In the camera part of a camcorder, there are one or more imaging chips. Each is divided into many thousands of individual photosensors, and the distance from the center of one to the center of the next is the sensor pitch.
Sensor pitch is almost never mentioned, but that tiny value can affect the amount of lighting required, the depth of a set and how detailed the pictures can be. Of those, sensitivity is easiest to explain.
If you had a photocell that, under certain lighting conditions, was putting out one volt, and you covered half of it with opaque material, its output would drop to half a volt. Cover half of the rest, and you’d get only a quarter of a volt.
In a 2/3-inch format, 16:9 aspect ratio camera imaging chip, the photosensitive surface area is 5.4 mm high by 9.6 mm wide. For American SDTV, there are not quite 500 rows of sensors on the chip. That means the vertical pitch of the sensors is about 11µm. Although the number of sensors per row varies greatly, assume it’s the same.
A 1/3-inch format imaging chip is about half as high and half as wide. That makes its sensors about a quarter as sensitive. What could be seen at f/16 on a 2/3-inch format camera will require either four times more light or an aperture of f/8 on a 1/3-inch format camera.
Then there’s HDTV. In the 1080-line format, there are more than twice as many rows as in SDTV. Going from 960 x 500 to 1920 x 1080 chops the sensitivity to less than a quarter, too. That means needing a total of 16 times more light or going from f/16 to f/4. Sony halves the number of sensors horizontally in its HDTV camcorders to double their sensitivity (at the expense of some detail resolution).
The depth-of-set issue is based on depth of field, a measure of how much depth is in focus at the same time. All else being equal, depth of field is inversely proportional to sensor pitch.
If you want an interviewee to be in sharp focus but the background to be soft, then a 1/3-inch format camera needs the background to be twice as far away as does a 2/3-inch format camera. Similarly, it is twice as hard to “pull focus” from one character to another to focus a viewer’s attention.
Fortunately, the new camcorders are HDTV—or are they? When light passes through an aperture, it is diffracted. The diffraction means a point of light will actually appear as a disk.
If the disk radius is smaller than the sensor pitch, then maximum resolution isn’t limited by diffraction. Sharpness, however (which is a function of both resolution and contrast ratio), is diffraction limited unless the disk diameter (not radius) is smaller than the sensor pitch.
The diffraction-disk radius or diameter is a function of the wavelength of light and the numerical f-stop. The sensor pitch is a function of the imager size and the number of sensor rows. For red light (at a wavelength of 630 nm), a 2/3-inch format 16:9 aspect ratio sensor, and standard definition, diffraction limits resolution at about f/14 and sharpness at about f/7. Most shooting will probably be at wider apertures and, therefore, not diffraction limited.
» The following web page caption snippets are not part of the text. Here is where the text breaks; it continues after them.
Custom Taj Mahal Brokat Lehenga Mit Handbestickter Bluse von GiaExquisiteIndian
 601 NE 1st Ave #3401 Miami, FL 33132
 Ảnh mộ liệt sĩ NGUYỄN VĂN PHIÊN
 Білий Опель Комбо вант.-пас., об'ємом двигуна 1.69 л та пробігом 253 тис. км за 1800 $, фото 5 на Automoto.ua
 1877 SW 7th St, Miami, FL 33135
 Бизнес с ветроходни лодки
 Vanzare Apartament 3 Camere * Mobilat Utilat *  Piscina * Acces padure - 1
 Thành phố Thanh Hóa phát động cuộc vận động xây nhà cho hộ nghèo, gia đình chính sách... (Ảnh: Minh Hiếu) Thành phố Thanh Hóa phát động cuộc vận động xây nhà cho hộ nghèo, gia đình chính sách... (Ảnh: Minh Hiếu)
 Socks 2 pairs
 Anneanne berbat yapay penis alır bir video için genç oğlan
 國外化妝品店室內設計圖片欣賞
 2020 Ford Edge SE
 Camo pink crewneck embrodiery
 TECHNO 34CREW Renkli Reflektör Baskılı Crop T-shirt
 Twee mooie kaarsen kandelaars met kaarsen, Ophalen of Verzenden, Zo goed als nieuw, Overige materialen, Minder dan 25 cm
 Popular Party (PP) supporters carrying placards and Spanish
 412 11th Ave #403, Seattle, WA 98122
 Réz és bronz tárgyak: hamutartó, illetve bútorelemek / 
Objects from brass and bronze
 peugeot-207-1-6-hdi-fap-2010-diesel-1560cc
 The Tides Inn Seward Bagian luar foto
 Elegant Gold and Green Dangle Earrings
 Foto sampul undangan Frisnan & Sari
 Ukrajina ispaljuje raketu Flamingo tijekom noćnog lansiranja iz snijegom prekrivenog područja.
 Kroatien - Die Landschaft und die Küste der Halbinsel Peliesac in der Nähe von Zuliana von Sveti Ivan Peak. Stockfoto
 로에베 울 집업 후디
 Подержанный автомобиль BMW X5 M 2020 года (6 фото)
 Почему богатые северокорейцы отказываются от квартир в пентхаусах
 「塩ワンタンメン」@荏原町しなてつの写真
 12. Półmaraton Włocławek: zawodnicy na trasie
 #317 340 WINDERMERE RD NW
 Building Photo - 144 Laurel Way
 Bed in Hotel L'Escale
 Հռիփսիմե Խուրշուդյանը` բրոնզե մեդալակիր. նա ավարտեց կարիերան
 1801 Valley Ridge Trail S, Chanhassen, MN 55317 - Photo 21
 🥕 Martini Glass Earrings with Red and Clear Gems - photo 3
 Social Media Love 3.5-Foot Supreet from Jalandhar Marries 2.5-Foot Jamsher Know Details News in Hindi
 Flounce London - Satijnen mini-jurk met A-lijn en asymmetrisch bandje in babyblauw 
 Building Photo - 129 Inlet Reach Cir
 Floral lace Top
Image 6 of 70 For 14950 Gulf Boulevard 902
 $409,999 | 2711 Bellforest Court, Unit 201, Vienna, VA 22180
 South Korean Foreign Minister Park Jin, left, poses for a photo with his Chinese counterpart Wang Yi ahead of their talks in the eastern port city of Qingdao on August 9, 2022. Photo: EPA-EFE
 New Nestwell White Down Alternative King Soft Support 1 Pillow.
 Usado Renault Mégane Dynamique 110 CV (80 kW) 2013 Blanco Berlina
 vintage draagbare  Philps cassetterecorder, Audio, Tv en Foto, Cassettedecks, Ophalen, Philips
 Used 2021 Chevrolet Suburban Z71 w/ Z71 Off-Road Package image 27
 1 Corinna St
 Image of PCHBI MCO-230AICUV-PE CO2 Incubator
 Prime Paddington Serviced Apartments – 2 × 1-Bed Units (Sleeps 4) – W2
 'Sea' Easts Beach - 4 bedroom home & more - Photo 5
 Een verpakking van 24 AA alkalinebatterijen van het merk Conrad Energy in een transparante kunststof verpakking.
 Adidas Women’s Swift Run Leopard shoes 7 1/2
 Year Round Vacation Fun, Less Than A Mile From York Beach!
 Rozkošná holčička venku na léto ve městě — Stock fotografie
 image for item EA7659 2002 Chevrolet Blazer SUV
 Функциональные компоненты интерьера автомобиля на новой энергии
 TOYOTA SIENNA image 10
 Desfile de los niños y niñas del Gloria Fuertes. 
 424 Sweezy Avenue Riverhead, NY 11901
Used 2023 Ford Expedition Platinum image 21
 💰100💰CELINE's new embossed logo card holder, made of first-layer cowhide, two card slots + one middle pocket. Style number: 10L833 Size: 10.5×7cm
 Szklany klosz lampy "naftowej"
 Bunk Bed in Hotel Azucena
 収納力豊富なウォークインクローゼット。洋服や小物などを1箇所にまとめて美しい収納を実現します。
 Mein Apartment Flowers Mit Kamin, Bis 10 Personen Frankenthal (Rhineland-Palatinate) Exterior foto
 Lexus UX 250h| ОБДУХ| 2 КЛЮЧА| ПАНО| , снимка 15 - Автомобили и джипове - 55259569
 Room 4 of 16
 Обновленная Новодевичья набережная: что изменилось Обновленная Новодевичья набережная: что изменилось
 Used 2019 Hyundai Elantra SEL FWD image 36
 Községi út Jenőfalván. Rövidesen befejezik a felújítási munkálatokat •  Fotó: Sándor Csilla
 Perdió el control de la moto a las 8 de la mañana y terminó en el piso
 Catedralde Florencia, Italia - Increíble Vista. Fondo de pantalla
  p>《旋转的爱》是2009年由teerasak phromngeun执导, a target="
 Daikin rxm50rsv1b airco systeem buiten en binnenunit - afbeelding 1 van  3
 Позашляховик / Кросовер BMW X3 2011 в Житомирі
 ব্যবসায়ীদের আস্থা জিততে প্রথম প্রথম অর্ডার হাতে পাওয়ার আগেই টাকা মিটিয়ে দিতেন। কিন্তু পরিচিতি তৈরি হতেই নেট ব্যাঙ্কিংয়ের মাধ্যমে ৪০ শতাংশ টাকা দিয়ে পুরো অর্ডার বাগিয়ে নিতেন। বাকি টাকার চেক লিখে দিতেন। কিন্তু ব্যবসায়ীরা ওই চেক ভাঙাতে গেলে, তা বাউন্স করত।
In a camera equipped with 1/3-inch format imaging chips with 1080 rows of sensors, red-light resolution will be diffraction limited at about f/3.5, and sharpness will be diffraction limited even with an aperture wider than f/1.8.
Virtually all shooting will be affected by diffraction.
None of this means that small-format HDTV camcorders are a bad idea. They’re not. In fact, their increased depth of field can make them ideal for well-lit news and surveillance purposes. But sensor-pitch issues do mean that a 1/3-inch format HDTV camcorder is not necessarily the ideal tool for all purposes.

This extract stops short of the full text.